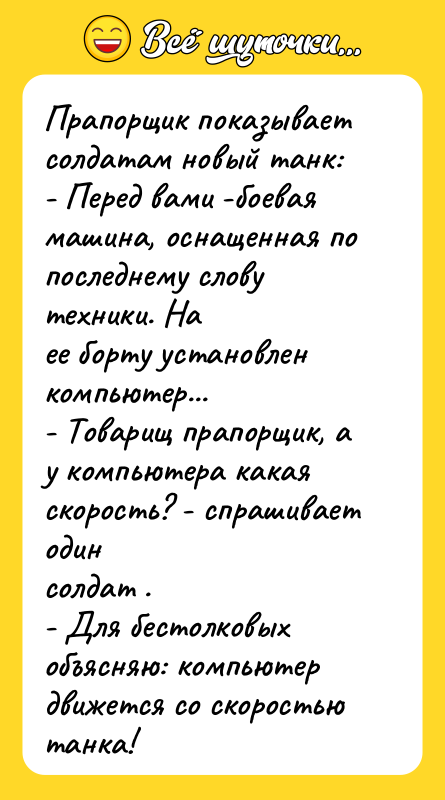 Прапорщик показывает солдатам новый танк: - Перед вами -боевая машина,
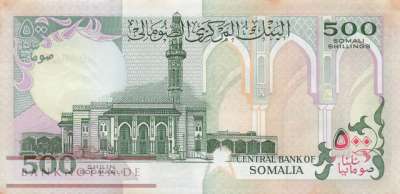 Somalia - 500  Shilin (#036c_AU)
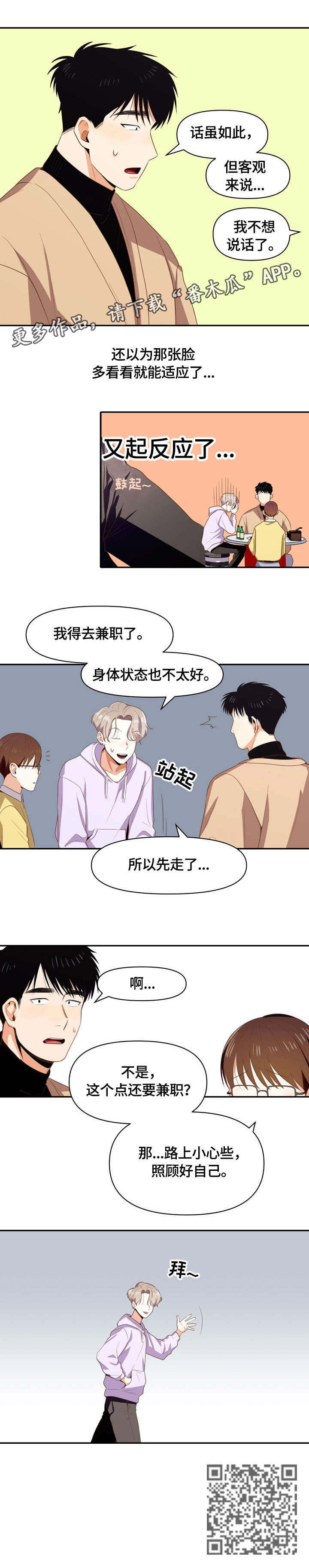 《恋爱订单》漫画最新章节第9章：兼职免费下拉式在线观看章节第【1】张图片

▬▬▬

Give the listing again word for word. Skip every image.

 Прапорщик показывает солдатам новый танк: - Перед вами -боевая машина,
 Somalia - 500  Shilin (#036c_AU)
 《恋爱订单》漫画最新章节第9章：兼职免费下拉式在线观看章节第【1】张图片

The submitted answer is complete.